Prenons l’exemple des bagagistes dans les aéroports, nous avons prévu dans le protocole d’accord signé avec le ministère du Transport de prendre Tunisair en tant qu’exemple d’intégrité, et nous allons, en accord avec l’administration de Tunisair et des syndicats, commencer notre mission dans le département handling.
Le problème de l’administration publique aujourd’hui est que nombre de responsables se sentent livrés à eux-mêmes. Quand ils prennent le téléphone pour référer au ministre à propos d’une question importante, ce dernier lui demande de prendre les décisions qui conviennent et évite d’être directement impliqué. Pareil s’il appelle la police nationale, la réaction est : “nous n’intervenons pas dans ce genre de problème”. Même chose au niveau des syndicats. Il y a des responsables que nous avons entendus dans le cadre des affaires que nous avons traitées. Nous sommes conscients qu’ils n’ont pas profité de leurs postes et n’ont pas abusé de leurs prérogatives mais ont plutôt subi des pressions ou des chantages. Et je pense que ces personnes ne doivent pas garder leurs postes de responsabilités parce qu’ils ne résistent pas aux contraintes.

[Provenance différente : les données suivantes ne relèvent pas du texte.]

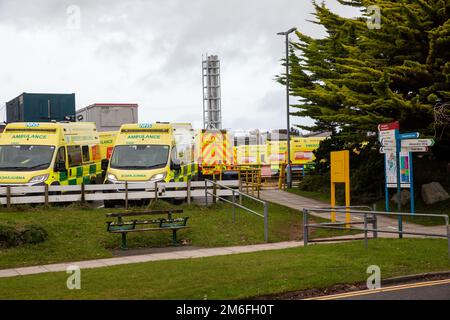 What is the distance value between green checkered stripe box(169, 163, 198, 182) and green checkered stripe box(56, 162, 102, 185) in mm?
3495

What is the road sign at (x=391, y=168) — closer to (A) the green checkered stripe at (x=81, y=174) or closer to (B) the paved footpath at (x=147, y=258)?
(B) the paved footpath at (x=147, y=258)

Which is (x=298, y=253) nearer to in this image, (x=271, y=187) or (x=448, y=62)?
(x=448, y=62)

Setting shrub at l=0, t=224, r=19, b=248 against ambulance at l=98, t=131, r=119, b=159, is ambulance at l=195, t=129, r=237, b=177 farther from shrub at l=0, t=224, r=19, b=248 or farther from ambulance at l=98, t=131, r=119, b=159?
shrub at l=0, t=224, r=19, b=248

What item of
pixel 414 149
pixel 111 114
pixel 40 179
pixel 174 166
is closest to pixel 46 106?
pixel 111 114

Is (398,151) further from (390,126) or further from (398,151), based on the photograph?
(390,126)

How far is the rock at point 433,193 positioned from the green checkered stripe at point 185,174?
9.00 meters

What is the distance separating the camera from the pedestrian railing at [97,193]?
20141mm

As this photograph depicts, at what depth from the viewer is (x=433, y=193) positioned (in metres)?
24.9

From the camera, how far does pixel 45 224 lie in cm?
1741

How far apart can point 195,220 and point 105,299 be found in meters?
9.60

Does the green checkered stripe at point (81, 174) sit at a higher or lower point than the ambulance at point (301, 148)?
lower

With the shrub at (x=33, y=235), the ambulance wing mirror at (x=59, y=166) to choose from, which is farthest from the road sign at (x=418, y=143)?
the ambulance wing mirror at (x=59, y=166)

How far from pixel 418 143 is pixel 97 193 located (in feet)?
33.4

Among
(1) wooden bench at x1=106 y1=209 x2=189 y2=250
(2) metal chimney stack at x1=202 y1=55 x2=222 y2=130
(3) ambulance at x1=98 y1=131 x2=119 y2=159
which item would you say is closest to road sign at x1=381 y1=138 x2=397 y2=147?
(1) wooden bench at x1=106 y1=209 x2=189 y2=250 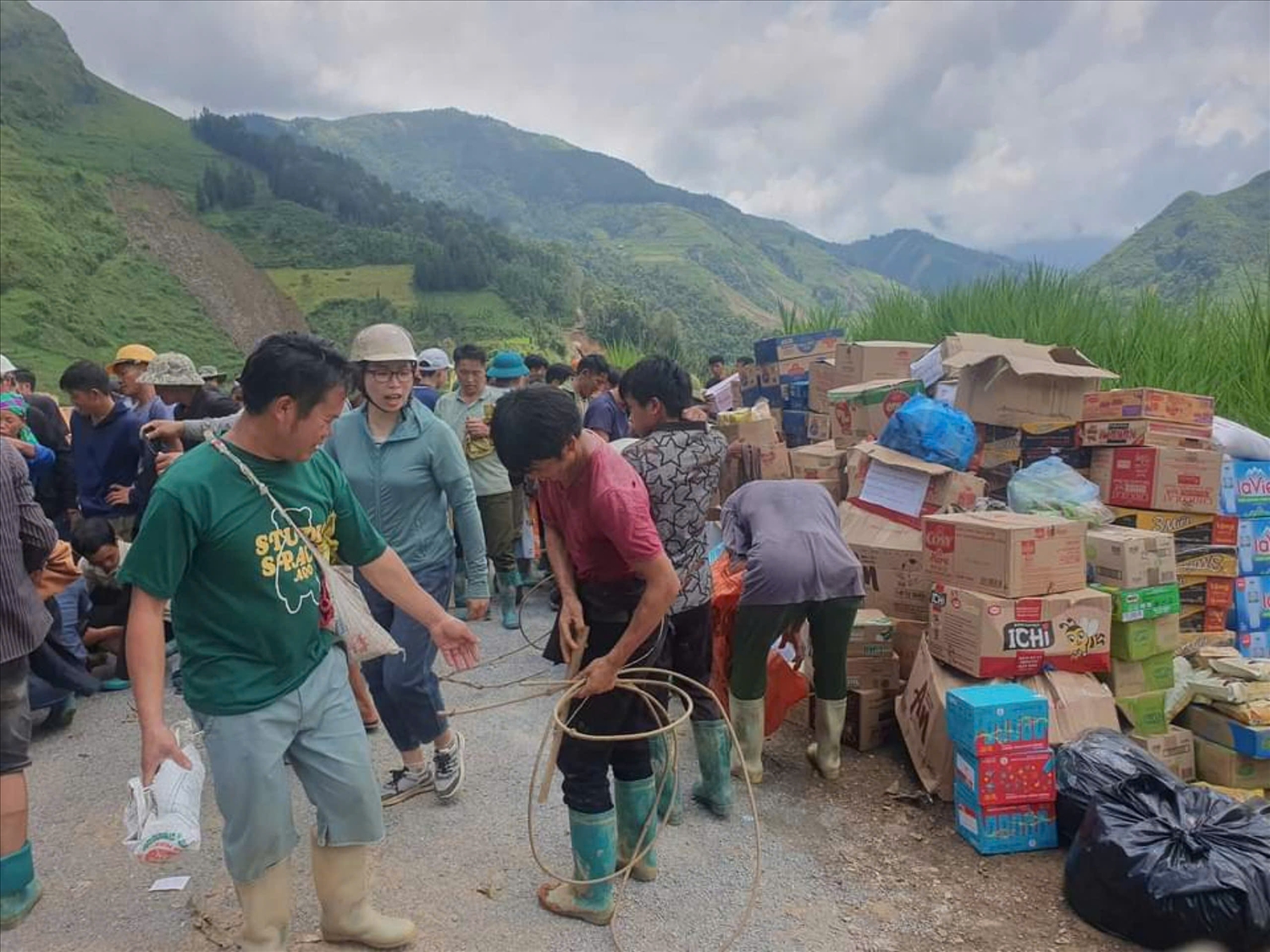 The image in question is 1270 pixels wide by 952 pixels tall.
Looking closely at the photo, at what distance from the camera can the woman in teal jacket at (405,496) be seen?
3125mm

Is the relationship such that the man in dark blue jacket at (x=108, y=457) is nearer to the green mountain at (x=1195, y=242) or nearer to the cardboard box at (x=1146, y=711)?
the cardboard box at (x=1146, y=711)

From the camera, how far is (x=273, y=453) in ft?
6.81

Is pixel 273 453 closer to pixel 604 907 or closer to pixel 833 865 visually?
pixel 604 907

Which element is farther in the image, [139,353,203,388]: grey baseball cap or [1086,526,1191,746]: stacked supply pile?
[139,353,203,388]: grey baseball cap

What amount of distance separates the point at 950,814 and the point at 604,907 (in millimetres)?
1654

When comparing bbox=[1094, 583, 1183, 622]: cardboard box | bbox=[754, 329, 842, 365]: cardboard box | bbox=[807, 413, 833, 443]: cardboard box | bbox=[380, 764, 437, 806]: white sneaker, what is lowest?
bbox=[380, 764, 437, 806]: white sneaker

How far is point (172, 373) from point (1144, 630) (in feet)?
16.9

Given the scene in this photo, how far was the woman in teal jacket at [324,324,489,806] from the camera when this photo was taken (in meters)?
3.12

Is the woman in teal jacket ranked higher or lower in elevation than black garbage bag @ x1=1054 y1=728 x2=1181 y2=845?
higher

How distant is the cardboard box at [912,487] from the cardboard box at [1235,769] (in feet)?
5.08

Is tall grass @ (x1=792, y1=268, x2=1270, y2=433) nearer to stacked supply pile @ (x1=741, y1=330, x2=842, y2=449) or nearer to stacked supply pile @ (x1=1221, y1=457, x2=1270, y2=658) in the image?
stacked supply pile @ (x1=1221, y1=457, x2=1270, y2=658)

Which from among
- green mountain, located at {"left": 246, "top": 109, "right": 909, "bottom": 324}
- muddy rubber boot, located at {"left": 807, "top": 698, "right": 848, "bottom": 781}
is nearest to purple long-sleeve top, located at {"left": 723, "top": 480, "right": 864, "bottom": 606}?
muddy rubber boot, located at {"left": 807, "top": 698, "right": 848, "bottom": 781}

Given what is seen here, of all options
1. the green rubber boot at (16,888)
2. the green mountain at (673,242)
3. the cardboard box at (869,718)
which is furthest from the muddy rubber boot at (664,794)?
the green mountain at (673,242)

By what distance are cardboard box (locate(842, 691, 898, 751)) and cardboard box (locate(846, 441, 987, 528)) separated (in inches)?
38.1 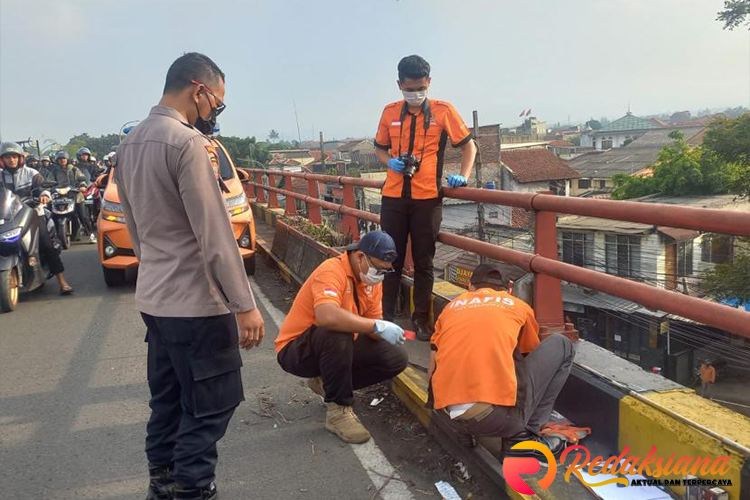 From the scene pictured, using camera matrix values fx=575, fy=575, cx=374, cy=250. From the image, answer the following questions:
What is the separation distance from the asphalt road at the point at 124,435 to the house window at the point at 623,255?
144 centimetres

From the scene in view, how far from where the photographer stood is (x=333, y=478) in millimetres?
2988

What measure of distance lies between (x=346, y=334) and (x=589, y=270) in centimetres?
138

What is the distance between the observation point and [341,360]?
3.33m

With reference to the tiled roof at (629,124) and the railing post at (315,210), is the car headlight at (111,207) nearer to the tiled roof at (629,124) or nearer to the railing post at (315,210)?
the railing post at (315,210)

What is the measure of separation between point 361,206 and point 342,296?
3271mm

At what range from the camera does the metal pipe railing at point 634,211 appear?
2174 mm

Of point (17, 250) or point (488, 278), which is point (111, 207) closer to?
point (17, 250)

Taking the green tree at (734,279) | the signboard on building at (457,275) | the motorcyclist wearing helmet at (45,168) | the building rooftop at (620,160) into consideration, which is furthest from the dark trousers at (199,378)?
the building rooftop at (620,160)

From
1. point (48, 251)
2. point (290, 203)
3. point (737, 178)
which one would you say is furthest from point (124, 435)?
point (737, 178)

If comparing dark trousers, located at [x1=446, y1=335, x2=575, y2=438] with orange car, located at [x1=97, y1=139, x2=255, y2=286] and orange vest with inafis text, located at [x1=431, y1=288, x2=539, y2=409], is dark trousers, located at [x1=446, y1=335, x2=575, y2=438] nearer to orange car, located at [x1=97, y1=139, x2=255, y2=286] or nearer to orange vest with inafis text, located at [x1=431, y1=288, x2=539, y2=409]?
orange vest with inafis text, located at [x1=431, y1=288, x2=539, y2=409]

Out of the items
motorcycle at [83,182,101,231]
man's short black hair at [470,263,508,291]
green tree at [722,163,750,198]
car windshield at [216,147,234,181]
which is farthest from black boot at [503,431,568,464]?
green tree at [722,163,750,198]

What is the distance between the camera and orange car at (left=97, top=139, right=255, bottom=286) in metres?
6.84

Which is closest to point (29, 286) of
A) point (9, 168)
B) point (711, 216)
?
point (9, 168)

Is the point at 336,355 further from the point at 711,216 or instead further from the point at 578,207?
the point at 711,216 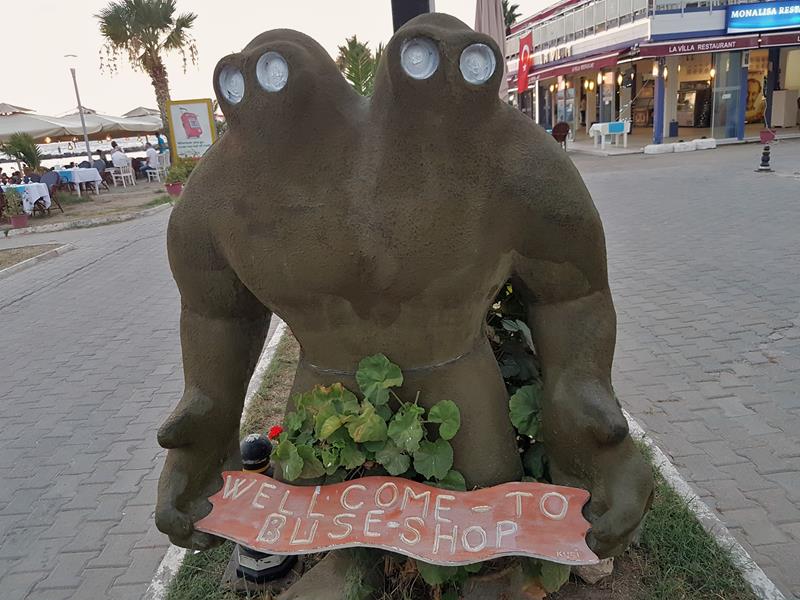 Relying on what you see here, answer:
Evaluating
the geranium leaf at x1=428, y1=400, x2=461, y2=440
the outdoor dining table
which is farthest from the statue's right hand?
the outdoor dining table

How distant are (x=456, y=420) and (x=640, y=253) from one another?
6.97 meters

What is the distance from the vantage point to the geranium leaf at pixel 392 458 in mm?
1810

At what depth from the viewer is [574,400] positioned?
1795 millimetres

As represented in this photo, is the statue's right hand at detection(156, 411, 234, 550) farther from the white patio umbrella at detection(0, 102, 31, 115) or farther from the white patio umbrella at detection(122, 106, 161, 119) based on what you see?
the white patio umbrella at detection(122, 106, 161, 119)

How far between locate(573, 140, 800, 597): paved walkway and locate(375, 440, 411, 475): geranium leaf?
1.80 metres

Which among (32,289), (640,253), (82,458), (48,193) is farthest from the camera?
(48,193)

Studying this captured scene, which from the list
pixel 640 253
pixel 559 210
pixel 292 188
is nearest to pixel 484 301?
pixel 559 210

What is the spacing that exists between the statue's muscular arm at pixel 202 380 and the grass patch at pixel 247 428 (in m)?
0.82

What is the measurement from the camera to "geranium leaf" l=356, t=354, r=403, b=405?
1.76 meters

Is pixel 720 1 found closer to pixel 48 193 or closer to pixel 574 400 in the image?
pixel 48 193

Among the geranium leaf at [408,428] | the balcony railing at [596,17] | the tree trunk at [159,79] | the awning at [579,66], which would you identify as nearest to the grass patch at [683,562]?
the geranium leaf at [408,428]

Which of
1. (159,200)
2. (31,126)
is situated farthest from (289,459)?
(31,126)

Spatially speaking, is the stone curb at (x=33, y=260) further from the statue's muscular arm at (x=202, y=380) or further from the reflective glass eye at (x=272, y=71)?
the reflective glass eye at (x=272, y=71)

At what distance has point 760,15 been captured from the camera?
20.3 meters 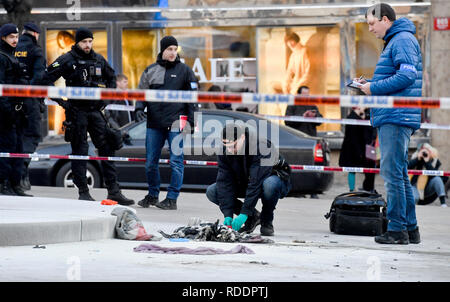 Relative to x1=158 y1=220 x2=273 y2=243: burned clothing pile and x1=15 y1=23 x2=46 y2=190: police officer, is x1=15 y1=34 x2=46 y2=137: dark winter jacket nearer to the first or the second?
x1=15 y1=23 x2=46 y2=190: police officer

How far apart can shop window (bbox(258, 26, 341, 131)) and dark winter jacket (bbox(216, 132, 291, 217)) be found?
1086 cm

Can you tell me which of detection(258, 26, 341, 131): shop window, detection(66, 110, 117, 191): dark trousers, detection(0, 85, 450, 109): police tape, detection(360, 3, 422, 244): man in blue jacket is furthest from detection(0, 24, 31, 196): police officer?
detection(258, 26, 341, 131): shop window

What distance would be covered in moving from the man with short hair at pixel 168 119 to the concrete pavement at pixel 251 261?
1.66m

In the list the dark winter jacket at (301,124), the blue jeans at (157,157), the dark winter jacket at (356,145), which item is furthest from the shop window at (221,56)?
Result: the blue jeans at (157,157)

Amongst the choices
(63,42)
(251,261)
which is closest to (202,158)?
(63,42)

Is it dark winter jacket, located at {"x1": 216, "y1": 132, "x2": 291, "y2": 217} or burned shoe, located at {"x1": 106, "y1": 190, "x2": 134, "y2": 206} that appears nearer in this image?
dark winter jacket, located at {"x1": 216, "y1": 132, "x2": 291, "y2": 217}

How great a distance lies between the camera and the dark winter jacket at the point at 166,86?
11.5 meters

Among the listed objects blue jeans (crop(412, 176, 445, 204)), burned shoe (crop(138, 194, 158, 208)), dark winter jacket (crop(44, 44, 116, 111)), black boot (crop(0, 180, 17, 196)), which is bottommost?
blue jeans (crop(412, 176, 445, 204))

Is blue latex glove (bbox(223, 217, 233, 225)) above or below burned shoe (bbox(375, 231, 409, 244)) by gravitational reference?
above

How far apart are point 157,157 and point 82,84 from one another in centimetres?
122

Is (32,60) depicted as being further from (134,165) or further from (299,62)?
(299,62)

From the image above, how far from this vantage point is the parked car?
47.9 ft

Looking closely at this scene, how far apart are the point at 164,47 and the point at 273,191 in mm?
3236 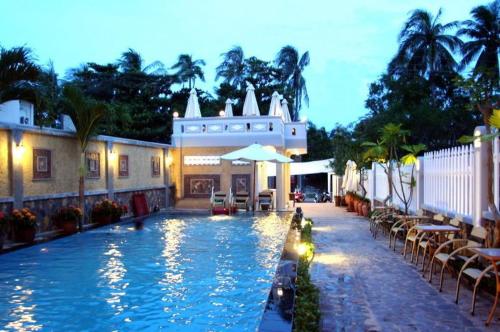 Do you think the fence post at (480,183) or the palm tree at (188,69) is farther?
the palm tree at (188,69)

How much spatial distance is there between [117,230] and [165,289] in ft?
26.1

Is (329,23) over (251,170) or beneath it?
over

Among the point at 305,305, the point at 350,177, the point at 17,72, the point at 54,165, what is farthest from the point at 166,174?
the point at 305,305

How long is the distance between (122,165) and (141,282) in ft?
37.1

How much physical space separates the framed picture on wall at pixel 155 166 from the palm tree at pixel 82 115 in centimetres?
649

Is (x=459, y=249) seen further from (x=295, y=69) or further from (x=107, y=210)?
(x=295, y=69)

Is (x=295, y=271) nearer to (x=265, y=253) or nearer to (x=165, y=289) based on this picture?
(x=165, y=289)

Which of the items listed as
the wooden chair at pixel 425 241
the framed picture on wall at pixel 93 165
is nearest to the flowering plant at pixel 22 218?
the framed picture on wall at pixel 93 165

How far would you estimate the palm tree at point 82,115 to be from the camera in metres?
14.8

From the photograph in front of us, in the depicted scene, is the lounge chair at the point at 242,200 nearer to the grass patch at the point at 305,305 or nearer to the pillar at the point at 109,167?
the pillar at the point at 109,167

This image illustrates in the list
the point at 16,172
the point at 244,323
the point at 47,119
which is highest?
the point at 47,119

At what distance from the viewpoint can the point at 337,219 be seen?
19797 mm

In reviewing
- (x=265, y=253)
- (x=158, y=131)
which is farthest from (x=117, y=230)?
(x=158, y=131)

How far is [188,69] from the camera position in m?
44.0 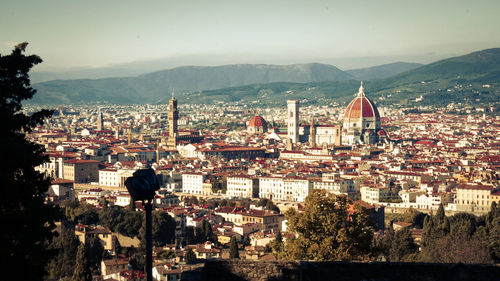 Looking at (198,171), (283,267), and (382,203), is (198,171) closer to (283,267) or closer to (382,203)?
(382,203)

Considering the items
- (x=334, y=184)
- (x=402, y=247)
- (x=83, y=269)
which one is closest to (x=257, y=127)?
(x=334, y=184)

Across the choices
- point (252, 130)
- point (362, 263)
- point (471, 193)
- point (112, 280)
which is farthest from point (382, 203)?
point (252, 130)

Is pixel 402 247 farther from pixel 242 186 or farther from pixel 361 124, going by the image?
pixel 361 124

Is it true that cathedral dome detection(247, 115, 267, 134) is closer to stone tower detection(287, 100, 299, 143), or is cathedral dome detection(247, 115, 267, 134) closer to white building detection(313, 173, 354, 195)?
stone tower detection(287, 100, 299, 143)

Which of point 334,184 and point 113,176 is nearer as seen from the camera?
point 334,184

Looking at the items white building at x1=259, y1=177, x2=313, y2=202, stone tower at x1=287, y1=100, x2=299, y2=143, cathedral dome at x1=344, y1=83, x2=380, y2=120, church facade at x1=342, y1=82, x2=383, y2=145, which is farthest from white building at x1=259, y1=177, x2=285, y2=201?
cathedral dome at x1=344, y1=83, x2=380, y2=120

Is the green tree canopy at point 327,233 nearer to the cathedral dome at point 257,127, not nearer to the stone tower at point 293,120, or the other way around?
the stone tower at point 293,120

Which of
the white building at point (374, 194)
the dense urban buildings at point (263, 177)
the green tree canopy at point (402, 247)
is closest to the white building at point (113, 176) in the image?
the dense urban buildings at point (263, 177)

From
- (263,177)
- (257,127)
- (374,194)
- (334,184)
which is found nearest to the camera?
(374,194) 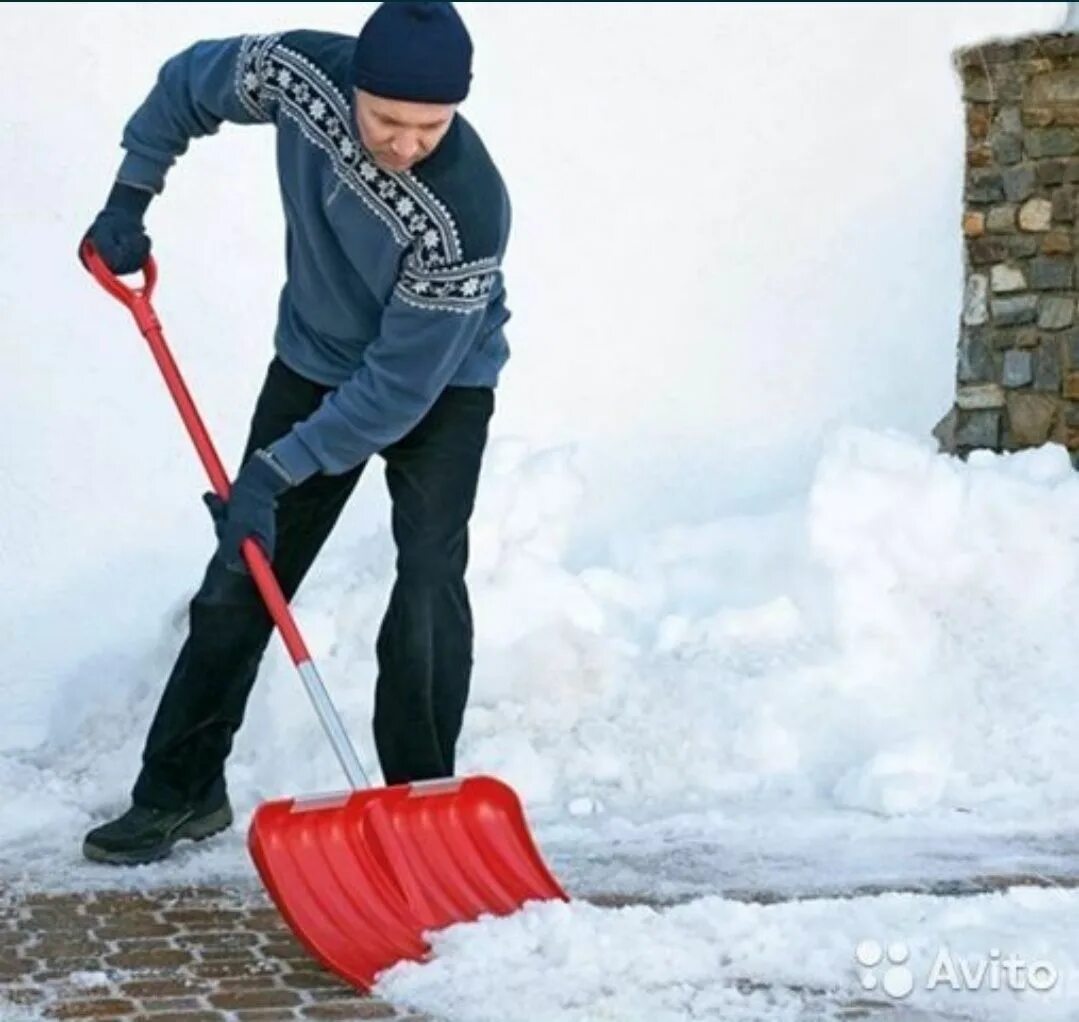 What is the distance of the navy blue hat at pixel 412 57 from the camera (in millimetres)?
3299

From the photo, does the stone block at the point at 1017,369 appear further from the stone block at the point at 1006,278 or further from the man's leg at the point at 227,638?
the man's leg at the point at 227,638

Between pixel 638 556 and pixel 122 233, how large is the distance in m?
1.79

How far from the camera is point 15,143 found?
5.52 meters

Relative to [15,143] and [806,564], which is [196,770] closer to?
[806,564]

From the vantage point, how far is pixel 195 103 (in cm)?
386

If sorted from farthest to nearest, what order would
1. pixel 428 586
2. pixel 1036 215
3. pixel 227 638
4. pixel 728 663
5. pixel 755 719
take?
pixel 1036 215 → pixel 728 663 → pixel 755 719 → pixel 227 638 → pixel 428 586

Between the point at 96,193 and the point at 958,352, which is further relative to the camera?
the point at 958,352

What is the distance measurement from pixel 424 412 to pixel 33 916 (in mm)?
1032

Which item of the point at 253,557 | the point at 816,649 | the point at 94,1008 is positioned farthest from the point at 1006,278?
the point at 94,1008

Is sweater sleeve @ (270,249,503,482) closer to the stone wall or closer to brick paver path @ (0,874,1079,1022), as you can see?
brick paver path @ (0,874,1079,1022)

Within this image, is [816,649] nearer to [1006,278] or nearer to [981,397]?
[981,397]

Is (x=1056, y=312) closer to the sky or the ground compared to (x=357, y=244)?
closer to the ground

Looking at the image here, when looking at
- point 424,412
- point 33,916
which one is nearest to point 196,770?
point 33,916

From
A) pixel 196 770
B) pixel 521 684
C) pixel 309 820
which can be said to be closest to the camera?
pixel 309 820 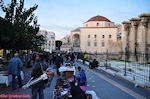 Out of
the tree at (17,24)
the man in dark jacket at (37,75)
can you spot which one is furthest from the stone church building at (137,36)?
the man in dark jacket at (37,75)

Et d’un autre côté, je considère leur convocation comme un moyen de les protéger. Car à partir du moment où ils comparaissent devant les juges du pôle judiciaire, ils peuvent arguer à tous ceux qui veulent les intimider qu’ils ont été victimes de leur discipline. Ceux qui les sollicitaient pour des postes au sein d’établissements publics ou qui leur demandaient de titulariser des recrues en dehors du cadre légal ne peuvent plus s’aventurer à faire appel à eux.
Il y a aussi le revers de la médaille. La chasse aux sorcières qui n’a pas pris fin depuis 2011 suivie de la création de l’Instance de lutte contre la corruption et des campagnes menées par le chef du gouvernement lui-même pour sévir ne pourraient-ils pas être des facteurs qui justifieraient le refus de la prise de décision au niveau de nombre de hauts responsables d’une administration très lourde de peur d’être impliqués pour des raisons bidon dans des affaires de corruption ? Ne pensez-vous pas que cela risque de freiner la machine économique du pays ?
Soyons clairs, s’agissant de ce genre de dossiers, il n’y a pas de règles. Il ne faut pas mettre trop la pression sur les décideurs publics. D’un autre côté, il ne faut pas lâcher la bride pour que certains corrompus exploitent certains arguments et en usent pour servir leurs intérêts.
Il faut établir le principe de redevabilité et montrer que personne n’est au-dessus des lois pour que le sentiment d’impunité ne devienne pas une règle. Parce que ce que vous venez de dire peut être valable dans tous les pays du monde. Des fois il faut une certaine souplesse dans la gestion des affaires de l’Etat au service des intérêts économiques. Le plus important est de mettre fin au sentiment d’impunité. Il y a des affaires qui datent de l’ère Ben Ali et dans lesquelles on n’a pas encore tranché, tout comme des affaires qui sont survenues à l’ère de la Troïka.
Qu’en est-il justement de la Troïka ?
Personne n’a soumis à l’instance un dossier concernant la Troïka que nous n’ayons accepté. Bien que la loi sur la justice transitionnelle soit valable jusqu’au 30 décembre 2013. On aurait pris en considération des facteurs d’ordre politique. Il n’empêche pour nous, en tant qu’instance, transmis n’a été délaissé ou négligé.
Je voudrais que l’on sache qu’en tant que président de l’INLUCC, je laisse l’entière responsabilité à la commission de juger des affaires qui lui sont soumises dans un souci d’indépendance. Nous ne sommes pas parfaits mais nous faisons pour le mieux et j’y veille. Je n’ai aucun problème personnel avec qui que ce soit, je tiens à préserver l’image de l’institution et les intérêts du pays. C’est la raison pour laquelle je ne veux pas des excès d’une part ou d’une autre.